Türkiye İşçi Partisi (TİP) Genel Başkanı Erkan Baş’ın, partisinin Hatay Milletvekili Can Atalay ve Gezi tutsaklarının hukuksuz şekilde tahliye edilmemesine karşı Hatay’dan başlattığı ve Ankara’da sona ermesi planlanan Özgürlük Yürüyüşü’nün 20. günü Aksaray’ın Altınkaya Köyü’nde başladı.
20. günde eşit yurttaşlık için yürüyen Erkan Baş’a, Alevi Bektaşi Federasyonu Başkanı Mustafa Aslan, Pir Sultan Abdal Kültür Derneği Genel Başkanı Cuma Erçe, Hacı Bektaş Anadolu Kültür Vakfı Genel Başkanı Ercan Geçmez, Taşdelen Cemevi Başkanı Hasan Sucu, Hubyar Sultan Alevi Kültür Derneği Başkanı Aydın Deniz, ABF Genel Başkan Yardımcısı İbrahim Karakaya ve Divriği Kültür ve Dayanışma Vakfı Başkanı Aziz Savaş eşlik ediyor.
‘ALEVİLER ON YILLAR BOYUNCA HAKARETE UĞRADILAR VE KATLEDİLDİLER’
Erkan Baş, yürüyüş öncesi yaptığı açıklamada, “eşit yurttaşlık” mücadelesinin Türkiye’nin siyasal İslamcı sağ zihniyetten kurtulması mücadelesi olduğunu vurgulayarak şunları kaydetti:
“Değerli dostlar, özgürlük yürüyüşünün 20. gününden herkese merhaba.
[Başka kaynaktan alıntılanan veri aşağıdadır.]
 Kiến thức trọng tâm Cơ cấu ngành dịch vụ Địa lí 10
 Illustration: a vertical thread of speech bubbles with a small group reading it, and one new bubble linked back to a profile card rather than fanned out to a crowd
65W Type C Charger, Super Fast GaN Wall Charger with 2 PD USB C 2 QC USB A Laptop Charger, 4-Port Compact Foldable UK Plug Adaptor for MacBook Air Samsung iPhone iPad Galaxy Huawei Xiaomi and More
Bugün ülkemizde eşit yurttaşlık ve inanç özgürlüğü mücadelesi veren en önemli toplumsal kesimlerinden birisi olan Alevi yurttaşlarımızla birlikte Alevi yurttaşlarımız için yürüyorum.
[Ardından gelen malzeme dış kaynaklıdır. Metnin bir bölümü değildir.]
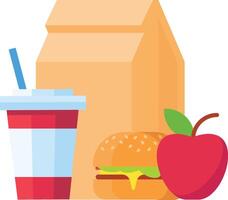 Lunch bag with a cheeseburger, a soda and an apple promotes a balanced and healthy school lunch, combining nutritious fruits with classic american favorites vector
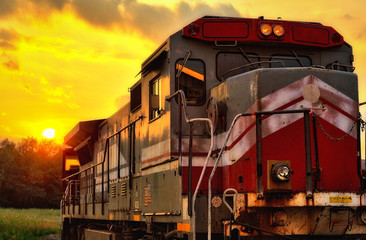 Locomotive at sunset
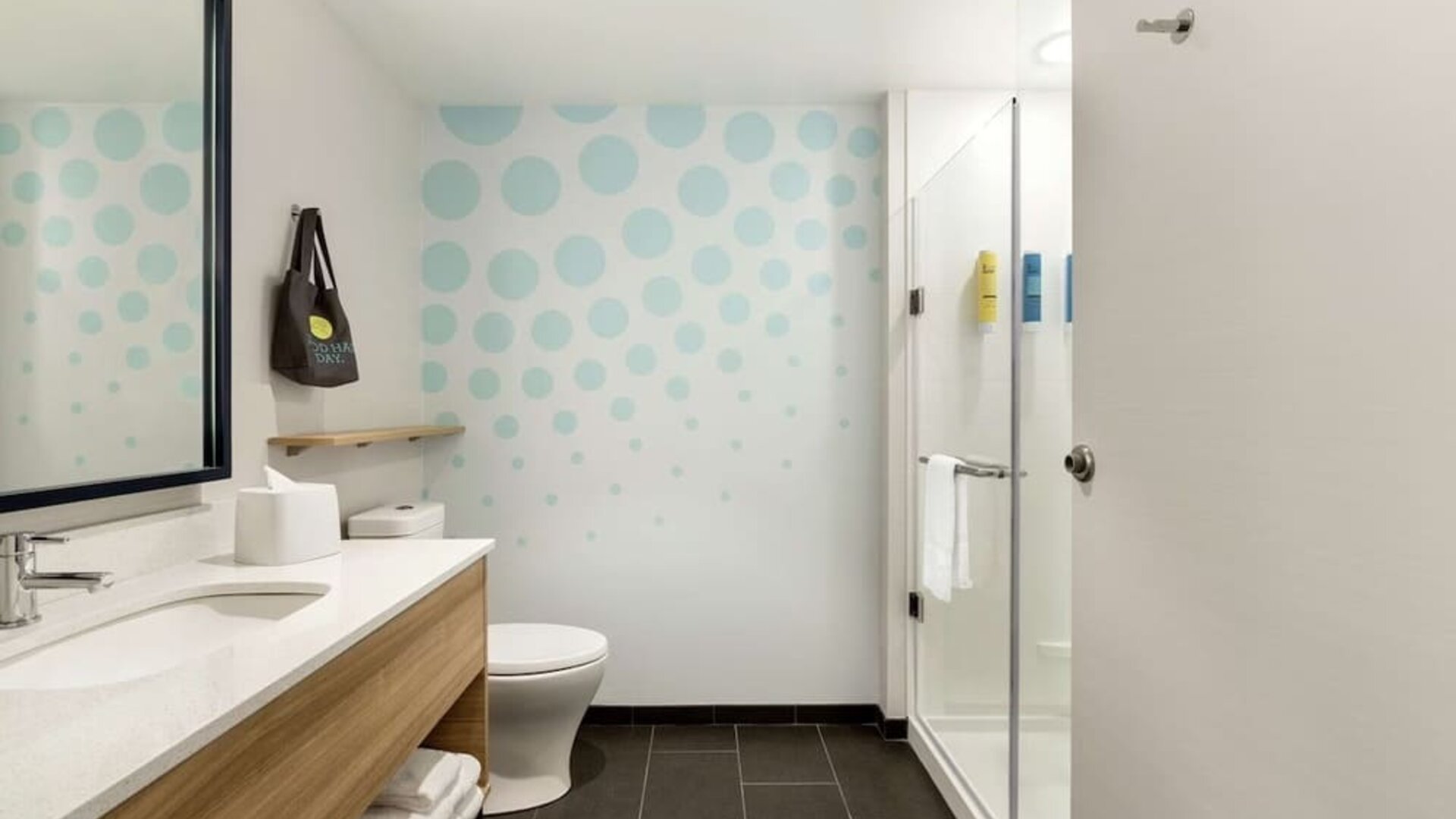 Guest bathroom with shower at Tru By Hilton Wichita Northeast.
Alevi yurttaşlarımız toplumumuzun ve topraklarımızın asli bir unsurudur. Aleviler dilinden sevgiyi, hoşgörüyü, bir arada kardeşçe yaşama arzusunu eksik etmezler. Bu gerçekler yanı başımızda durmaktayken sağ iktidarların Türkiye’de yaratmak istediği tek mezhepçi, ayrımcı yaklaşım nedeniyle Aleviler on yıllar boyunca hakarete, saldırıya uğradılar ve katledildiler. Madımak’ta canlarını, canlarımızı toprağa verdik. Ona rağmen nefretin değil sevginin tohumlarını ekmeye devam ettiler.
‘EŞİT YURTTAŞLIK MÜCADELESİ, TÜRKİYE’NİN SİYASAL İSLAMDAN KURTULMA MÜCADELESİDİR’
Ben bu topraklarda inancına, ibadetine, kültürüne saygı gösterilmeyen Alevi yurttaşlarımız için özgürlük talep ediyorum. Türkiye’de herhangi bir dine inanmayı ya da hiçbir dine inanmamayı tercih eden tüm yurttaşlarımıza eşit mesafede duran, inançlar arasında ayrım gözetmeyen bir dinin belli bir mezhebini dayatmayan bir devlet anlayışıyla bu ülkenin yönetilmesi gerektiğine inanıyoruz. Aksi takdirde ülkemiz din, mezhep, tarikat ve cemaat kavgalarının mücadele alanı olmaktan kurtulamayacak, gerçek anlamda özgürlük topraklarımıza uğramayabilir.
Cemevlerinin ibadet tarih statüsüne geçirilmesi konusunda ayak direyen, daha da kötüsü böyle bir temel hakkı seçim vaadi olarak 4-5 yılda bir Alevierin önüne sunup, sonra üzerine sünger çeken bir iktidarın Aleviler için eşit yurttaşlığı tesis edemeyeceğini hepimiz biliyoruz. Bu nedenle Alevi yurttaşlarımızın eşit yurttaşlık mücadelesi, Türkiye’nin bu iktidardan ve mezhepçi siyasal İslamcı sağ zihniyetten kurtulması mücadelesidir. Alevi yurttaşlarımızın eşit birer yurttaş olarak özgürce yaşayabilmesi için hep birlikte yürüyoruz. Hepinizi saygı ve sevgiyle selamlıyorum.”